Aims: In our study, we aimed to explore the subclonal architecture and the clinical impact of low-burden TP53 mutations in a Hungarian ”real-world” cohort.
Method: Peripherial blood samples were collected from 509 CLL patients from 11 Hungarian oncohematological centres. TP53 mutations were detected using targeted next-generation sequencing. Kaplan-Meier-survival curves and log rank tests were performed to compare survival times between different groups.
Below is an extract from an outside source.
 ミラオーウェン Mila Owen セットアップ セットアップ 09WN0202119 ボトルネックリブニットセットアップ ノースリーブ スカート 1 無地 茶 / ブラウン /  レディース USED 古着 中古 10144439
Results: We identified 224 TP53 mutations in 25% (127/509) of the patients. High-burden (>10% VAF) mutations represented 39% (n=88) of these alterations, while 61% (n=136) of the TP53 mutations were low-burden. Subclonal mutations as sole alterations were identified in 38% (48/127) of all mutated cases. In 33% of the TP53 mutant cases, we detected multiple mutations with heterogenous sublclonal architecture. In the subcohort of patients treated with chemoimmunotherapy without the implication of targeted agents (n=200), patients with TP53 mutation (n=31) had significantly lower overall survival (OS) as compared to the patients with wild type (n=169) TP53 gene (p=0,009). No significant differences were detected in the OS between patients with low-burden TP53 mutations and wild type cases.
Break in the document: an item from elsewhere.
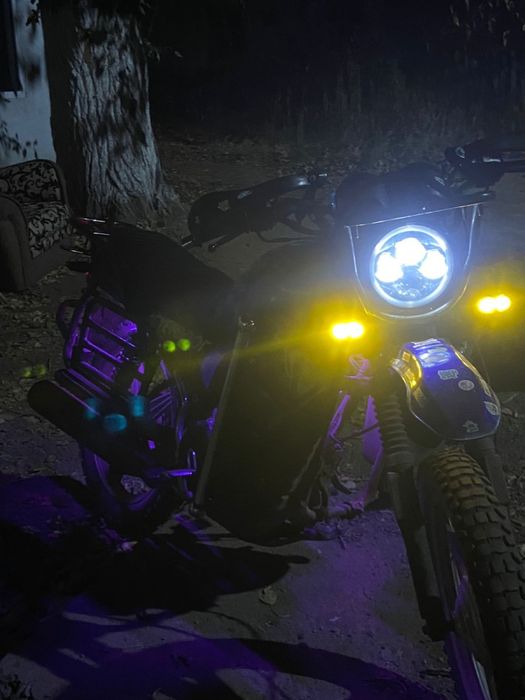 Продам мотоцикл 200сс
Conclusion: In this study we explored the clonal architecture and clinical impact of low burden TP53 mutations in a nation-wide, “real world” Hungarian patient cohort. Our results demonstrate that patients with sole low-burden TP53 mutations represent more than one third of patients with TP53 aberration, hence the 10% cut-off value might worth reconsidering for TP53 variant reporting in routine diagnostics.
Funding:Horizon2020 739593, K21_137948, FK20_134253, TKP2021-EGA-24 and TKP2021-NVA-15, the EFOP-3.6.3-VEKOP-16-2017-00009 and ÚNKP-21-2-I-SE-21.